START Data

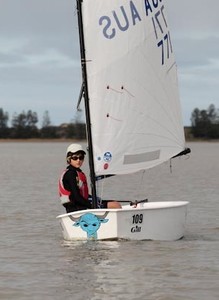 Angry Angus at this years frostbite - SA Optimist frostbite regatta 2012 photo copyright Chris Dean www.actionpics.biz taken at  and featuring the  class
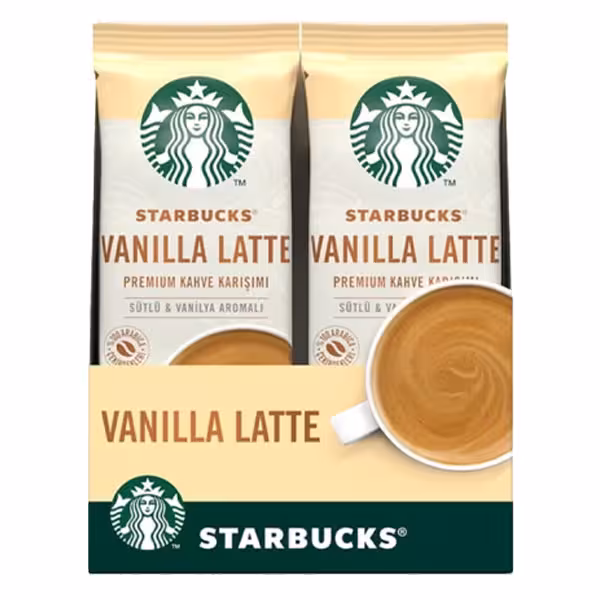 قهوه فوری استارباکس ساشه ای وانیل لاته 10 عددی حجم 215 گرم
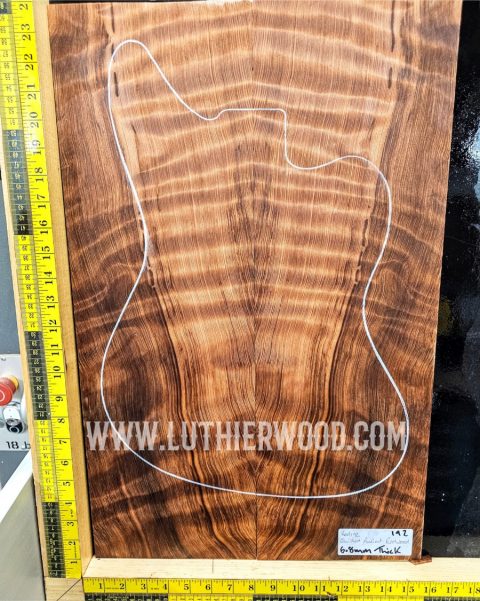 Ancient Quilted Redwood Guitar Top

END Data

Give back the entire listing verbatim, without the pictures.

# Output for this task
 Angry Angus at this years frostbite - SA Optimist frostbite regatta 2012 photo copyright Chris Dean www.actionpics.biz taken at  and featuring the  class
 قهوه فوری استارباکس ساشه ای وانیل لاته 10 عددی حجم 215 گرم
 Ancient Quilted Redwood Guitar Top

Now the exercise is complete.